Provisioning Servers also exchange configuration information with the Provisioning Services database. Provisioning Server configuration options are available to ensure high availability and load balancing of target device connections.
vDisks exist as disk image files on a Provisioning Server or on a shared storage device. A vDisk consists of a .vhdx base image file, any associated properties files (.pvp), and if applicable, a chain of referenced VHD differencing disks (.avhdx).
vDisks are assigned to target devices. Target devices boot from and stream software from an assigned vDisk image.
vDisk pools are the collection of all vDisks available to a site. There is only one vDisk pool per site.
vDisk update management
The vDisk Update Management feature is used to configure the automation of vDisk updates using virtual machines. Automated vDisk updates can occur on a scheduled basis, or can be invoked directly from the Console. This feature supports updates detected and delivered from Electronic Software Delivery (ESD) servers, Windows updates, or other pushed updates.
vDisk images are configured for Private Image mode or Standard Image mode. Consider the following when using vDisk images:
- In Private Image mode, a vDisk image can be used as a single device supporting read/write characteristics.
- In Standard Image mode, a vDisk image can be used by multiple devices, but is read-only when using various caching options.

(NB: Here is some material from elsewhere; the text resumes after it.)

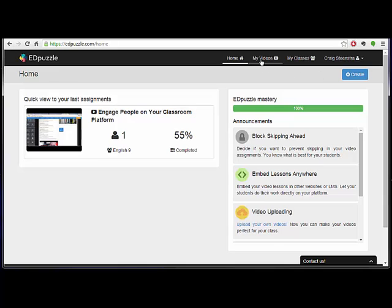So you can see up here you have your different menus. You can create what they call videos. It could be your own videos or any videos from the internet. And then you can create your classes as well. And students will self-enroll into those classes and then you can monitor things from there.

Any updates to a vDisk base image can be captured in a versioned differencing disk, leaving the original base disk image unchanged.

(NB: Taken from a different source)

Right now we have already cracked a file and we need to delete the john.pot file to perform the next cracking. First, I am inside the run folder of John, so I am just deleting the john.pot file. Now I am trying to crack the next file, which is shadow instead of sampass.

Each time a vDisk is updated, a new version of the VHDX differencing disk can be created and the file name is numerically incremented, as shown in the following table:
|vDisk image||VHDX Filename|
Booting a vDisk
The following image shows the method used to locate and boot from a vDisk on a server share:
The preceding image illustrates the following steps:
- The target device begins the boot process by communicating with a Provisioning Server and acquiring a license.
- The Provisioning Server checks the vDisk pool for vDisk information, which includes identifying the Provisioning Server(s) that can provide the vDisk to the target device and the path information that server should use to get to the vDisk. In this example, the vDisk shows that only one Provisioning Server in this site can provide the target device with the vDisk and that the vDisk physically resides on the Finance Server (shared storage at the farm level).
- The Provisioning Server locates the vDisk on Finance Server, then streams that vDisk, on demand, to the target device.
The following examples provide information about how Provisioning Services uses vDisk images.
The physical vDisk for Windows 10 resides on a Provisioning Server local to a site. The logical name that is given to this physical location is the store.
Store name (logical name): bostonwin10
Physical path to the vDisk is: C:\vDisks\
The physical vDisk for Windows 10 resides on a network share (FinanceVdisks) at the farm level.
Store name (logical name): financevdisks
Physical path to the vDisk for all Provisioning Servers in the farm is: \financeserver\financevdisks\
Device collections are logical groups of target devices. A target device is a device, such as a desktop computer or a server, that boots and gets software from a vDisk on the network. A device collection could represent a physical location, a subnet range, or a logical grouping of target devices. Creating device collections simplifies device management by enabling you to perform actions at the collection level rather than at the target-device level.
Views allow you to quickly manage a group of target devices. Views are typically created according to business needs. For example, a view can represent a physical location, such as a building, or a user type. A target device can be a member of any number of views, although it can be a member of only one device collection.
Views are represented in the Console as follows:
Farm views can include any target device that exists in the farm. Site views can include only target devices that exist within a site.